Now I’m no mathematician, but even I know that’s a pretty decent ratio of charities to clients – maybe as high as one charity per 50 children. Crikey, is the UK really such a terrible place for children that we need 60,000 charities?
Or could it possibly be – and whisper it – that some of these charities (most of them) are actually superfluous? It might not be the most popular thing to say – charity is second only to religion in terms of reverence – but it needs saying. And judging by Kids Company, it needs saying fast.
It has taken a long, long time and over £40 million pounds worth of tax-payers' money, but the Government has at last pulled the plug on this very high profile organisation, founded by the allegedly ‘charismatic’ Camila Batmanghelidjh. I say allegedly because all I’ve heard on various media channel from this woman are hysterical accusations and petulance – hardly the model of dignity. If charisma is judged on a love of the limelight however, then this woman has charisma by the bucket load.
Apparently, there have been grave concerns surrounding the financial integrity of this company for several years. Why does that not surprise me? Not content with these huge amounts of public money, just last week the company approached their friends in government, asked for – nay demanded - an extra 3 million quid, and believe it or not, actually got it! Easy-peasy.
Despite repeated warnings from concerned civil servants, gormless Tory minister Oliver Letwin sent over the requested 3 million quid without even batting an eyelid. Letwin is the kind of man I wouldn’t even trust to feed my goldfish, but he’s on old pal of David Cameron, so that explains quite a lot.
Kids Company have indeed received staggering amounts of public money. The question is why? Why did successive governments prop this charity up with millions of pounds of tax payers’ money? Were they scared of Miss Batmanghelidjh?
Maybe. After all, the lady has a ferocious reputation and is used to getting her own way and is furthermore a lady, who, in the shape of her technicolour dream coat and headscarf, is not afraid to wear her ethnicity for all to see.

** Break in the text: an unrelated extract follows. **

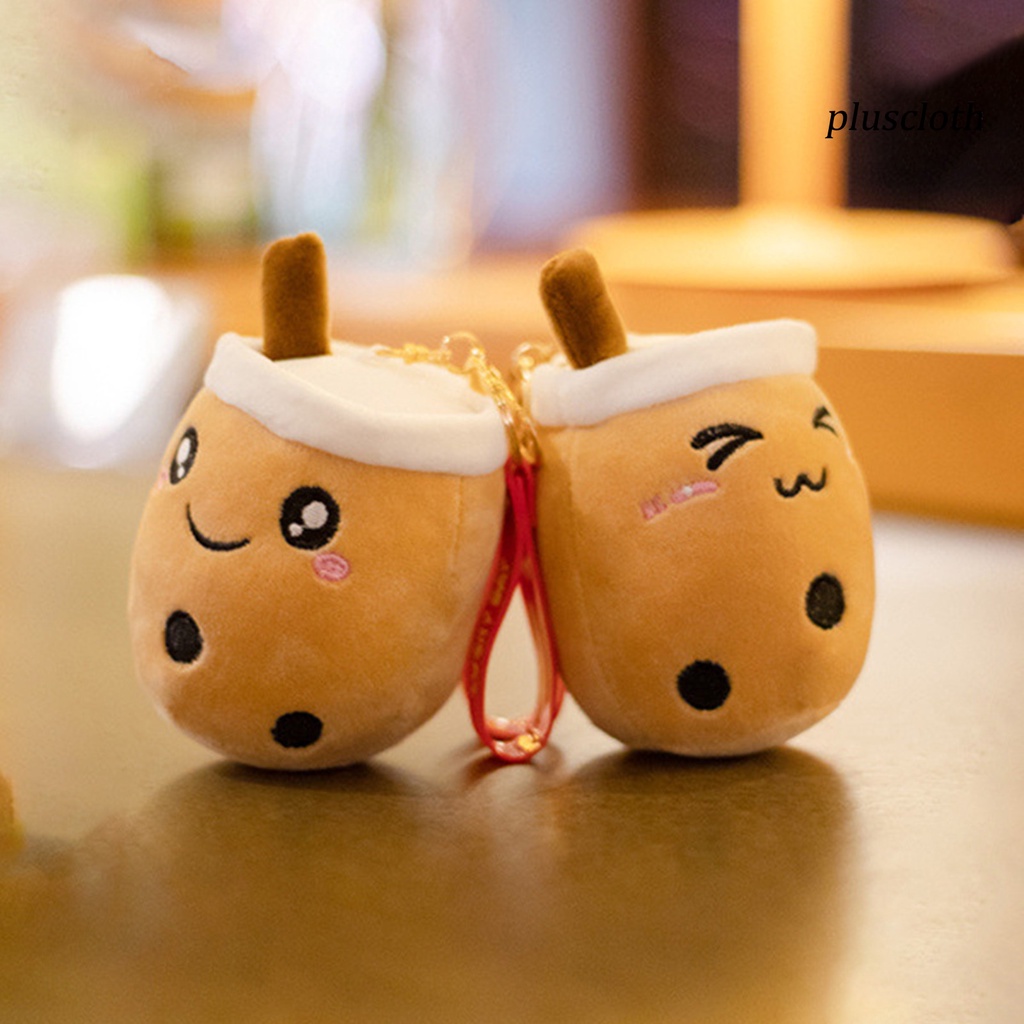 Búp Bê Nhồi Bông Đồ Chơi Mềm Mại Kích Thước 10cm Hình Ly Trà Sữa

Were Cameron and co afraid that she would dig deep into the depths of her petticoats and whip out the race card?
Add into the mix a mission to protect vulnerable children and you have a heady cocktail: children + ethnic minority = untouchable. Batmanghelidjh – a serial founder of charities – certainly knows all the right buttons to press when it comes to public funding. And the money duly came rolling in, lots and lots and lots of it. But where exactly did it all go?
To help vulnerable children of course. If the details were a little sketchy Batmanghelidjh didn’t seem to mind nor did government ministers – after all, fuelled by her own sense of righteousness, the lady and her organisation grew to such an extent that they became – like the banks – too big to fail. Kids Company had the government over a barrel.
Predictably in the wake of the scandal, Miss Batmanghelidjh went straight for the emotional blackmail card: “We’ve had to abandon a lot of children,” she tearfully told the media. Note the use of emotive vocabulary ‘abandon.’ Oh yes, here is a woman who knows precisely how to extract every last drop of sympathy (and money) from her supporters. She’s a master of the art.
So, have the streets of London, Liverpool and Bristol suddenly become dangerous places for kids? Batmanghelidjh would have you think so.
“We used to go along there (Kids Company) ask for money and they gave it us,” said the silhouetted young girl. “Then we used to go out and buy drugs. It was easy.” The confession, from one so-called client of Kids Company on national television news, could be a one-off, but could also be the tip of a very large iceberg. What actually went on there is anyone’s guess.
Oh what irony. Government money used to fund teenage drug habits…
In the aftermath of this sorry affair, one can only hope that public funding bodies at both local and national level take a long hard look at some of these so-called good causes and charities.
The cavalier attitude of Letwin and friends with regards to the disposal of public money needs to be replaced with a culture where assumption and entitlement is replaced by one of scrutiny and scepticism, because without it Batmanghelidjh and her ilk will soon resurface with yet another charity demanding public money - our money.
And even worse, they'll probably get it.